Hi Jan,
Thanks for the thoughtful feedback.
I think it’s important we clarify a key point before
going deeper:
Non-determinism is not caused by session fallback
behavior—it’s a *fundamental limitation of using table
identifiers* alone, regardless of whether we use the
current rule, the proposed fallback to the session’s
default catalog, or even early vs. late binding.
The same fully qualified identifier (e.g.,
catalogA.namespace.table) can resolve to different
objects depending solely on engine-specific routing
logic or catalog aliases. So determinism isn’t
guaranteed just because an identifier is "fully
qualified." The only reliable anchor for identity is the
UUID. That’s why the proposed use of UUIDs is not just a
hardening strategy. It’s the actual fix for correctness.
To move the conversation forward, could you help clarify
two things in the context of the current spec:
* Where in the metadata is the “view catalog” stored, so
that an engine knows to fall back to it if
default-catalog is null?
* Are we even allowed to create views in the session's
default catalog (i.e., without specifying a catalog) in
the current Iceberg spec?
These questions are important because if we can’t
unambiguously recover the "view catalog" from metadata,
then defaulting to it is problematic. And if views can't
be created in the default catalog, then the fallback
rule doesn’t generalize.
Thanks,
Walaa.
On Tue, Apr 22, 2025 at 3:14 AM Jan Kaul
<jank...@mailbox.org.invalid>
<mailto:jank...@mailbox.org.invalid> wrote:
Hi Walaa,
thank you for your proposal. If I understood
correctly, you proposal is composed of three parts:
- session default catalog as fallback for
"default-catalog"
- session default namespace as fallback for
"default-namepace"
- Late binding + UUID validation
I have some comments regarding these points.
1. Session default catalog as fallback for
"default-catalog"
Introducing a behavior that depends on the current
session setup is in my opinion the definition of
"non-determinism". You could be running the same
query-engine and catalog-setup on different days,
with different default session catalogs (which is
rather common), and would be getting different results.
Whereas with the current behavior, the view always
produces the same results. The current behavior has
some rough edges in very niche use cases but I think
is solid for most uses cases.
2. Session default namespace as fallback for
"default-namespace"
Similar to the above.
3. Late binding + UUID validation
If I understand it correctly, the current
implementation already uses late binding.

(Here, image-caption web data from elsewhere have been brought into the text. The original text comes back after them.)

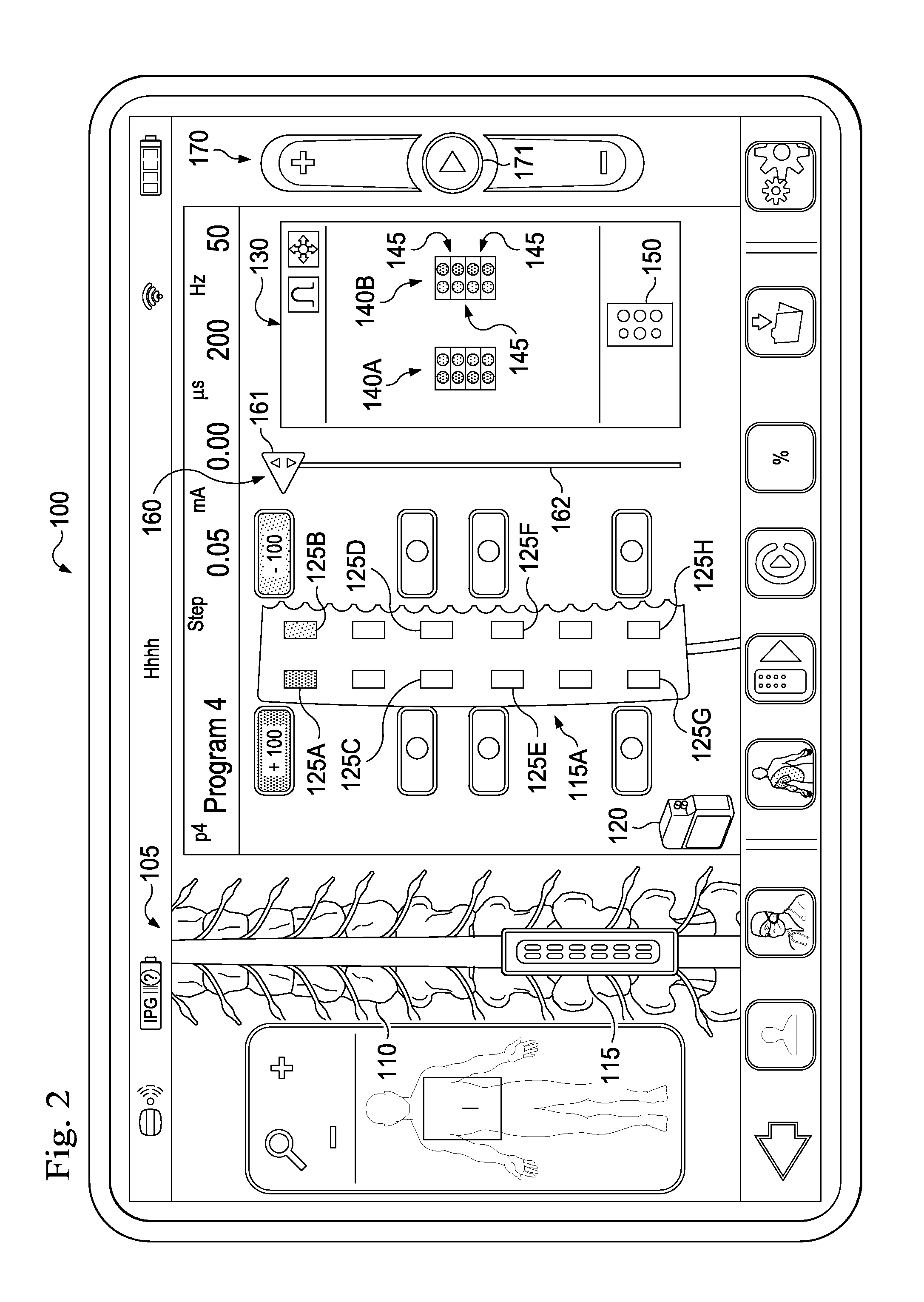 Method and system of quick neurostimulation electrode configuration and positioning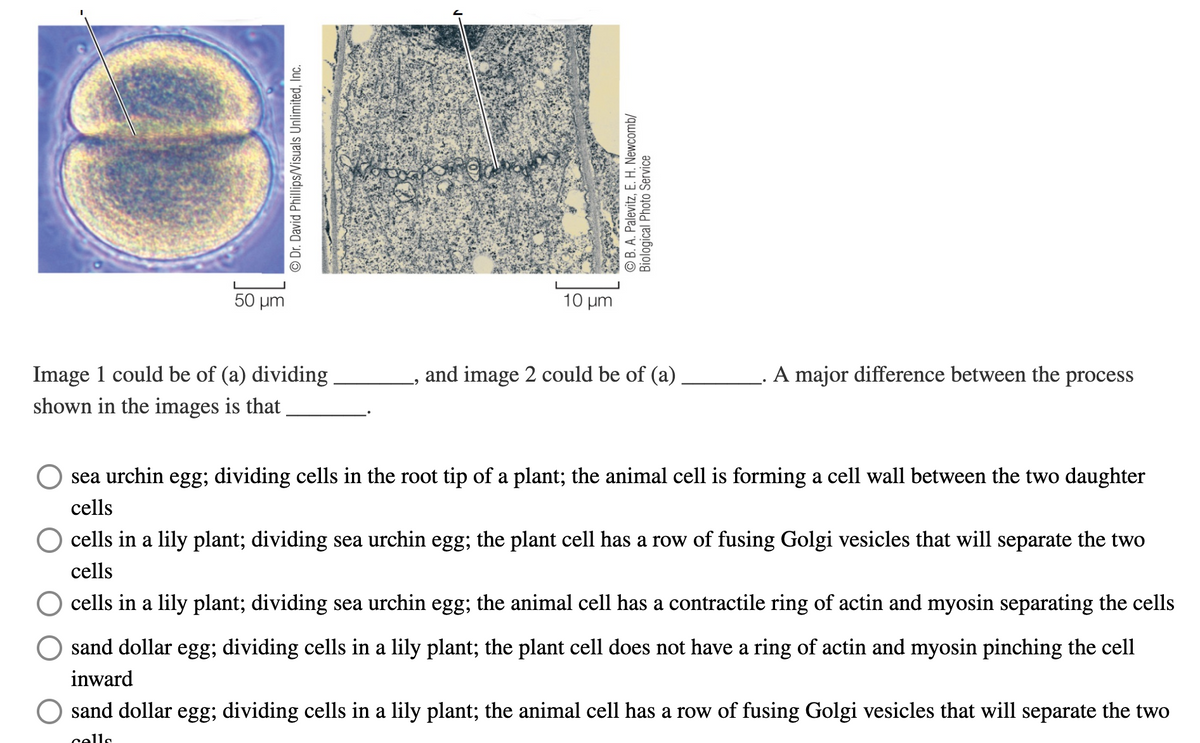 50 μm
10 μ
A major difference between the process
Image 1 could be of (a) dividing
shown in the images is that
and image 2 could be of (a)
sea urchin egg; dividing cells in the root tip of a plant; the animal cell is forming a cell wall between the two daughter
cells
cells in a lily plant; dividing sea urchin egg; the plant cell has a row of fusing Golgi vesicles that will separate the two
cells
cells in a lily plant; dividing sea urchin egg; the animal cell has a contractile ring of actin and myosin separating the cells
sand dollar egg; dividing cells in a lily plant; the plant cell does not have a ring of actin and myosin pinching the cell
inward
sand dollar egg; dividing cells in a lily plant; the animal cell has a row of fusing Golgi vesicles that will separate the two
cells
© Dr. David Phillips/Visuals Unlimited, Inc.
© B. A. Palevitz, E. H. Newcomb/
Biological Photo Service
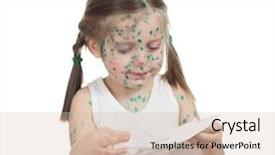  Presentation with sick child - Audience pleasing slide deck consisting of baby poor - sick child chickenpox isolated backdrop and a  colored foreground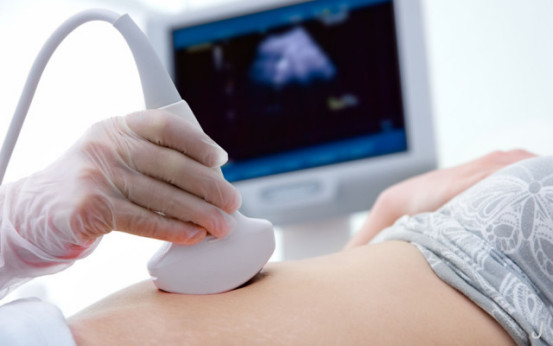 取节育环的最佳时间和注意事项,节育环不取后果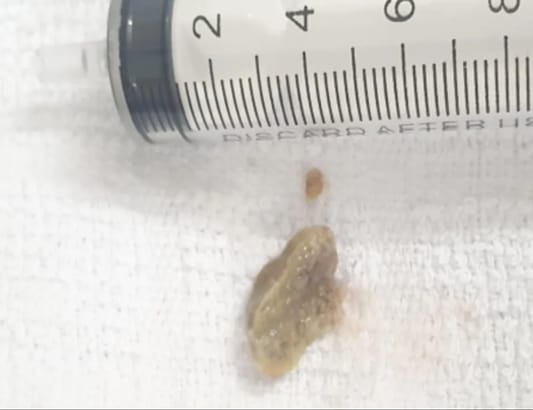 Người đàn ông bị viêm phổi nặng do hóc xương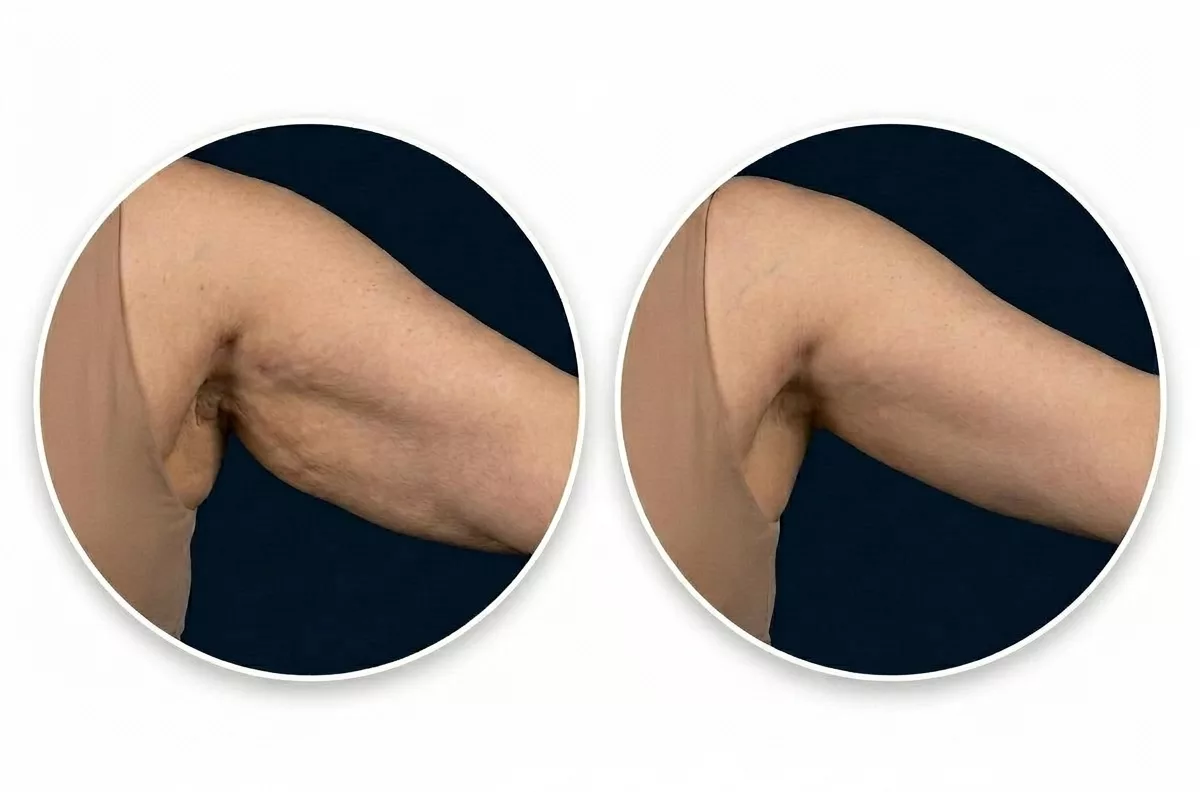 Arm Lift Surgery (Brachioplasty) Dubai — Dr. Bouraoui Kotti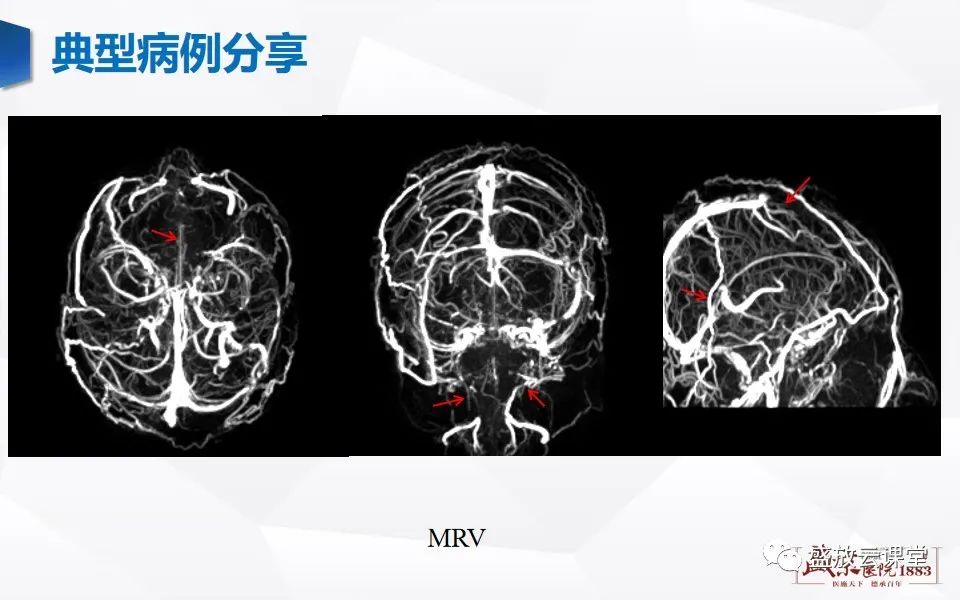 影像PPT - 【PPT】MRV在诊断静脉窦血栓中的作用-20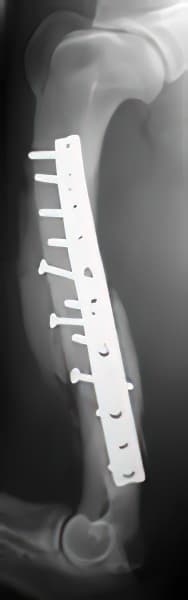 case 9: 6-week post-op radiograph lateral view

Generally, having UUID validation makes the setup
more robust. Which is great. However, having UUID
validation still requires us to have a portable
table identifier specification. Even if we have the
UUIDs of the referenced tables from the view, there
simply isn't an interface that let's us use those
UUIDs. The catalog interface is defined in terms of
table identifiers.
So we always require a working catalog setup and
suiting table identifiers to obtain the table
metadata. We can use the UUIDs to verify if we
loaded the correct table. But this can only be done
after we used some identifier. Which means there is
no way of using UUIDs without a functioning
catalog/identifier setup.
In conclusion, I prefer the current behavior for
"default-catalog" because it is more deterministic
in my opinion. And I think the current spec does a
good job for multi-engine table identifier
resolution. I see the UUID validation more of an
additional hardening strategy.
Thanks
Jan
On 4/21/25 17:38, Walaa Eldin Moustafa wrote:
Thanks Renjie!
The existing spec has some guidance on resolving
catalogs on the fly already (to address the case of
view text with table identifiers missing the
catalog part). The guidance is to use the catalog
where the view is stored. But I find this rule hard
to interpret or use. The catalog itself is a
logical construct—such as a federated catalog that
delegates to multiple physical backends (e.g., HMS
and REST). In such cases, the catalog (e.g.,
`my_catalog` in `my_catalog.namespace1.table1`)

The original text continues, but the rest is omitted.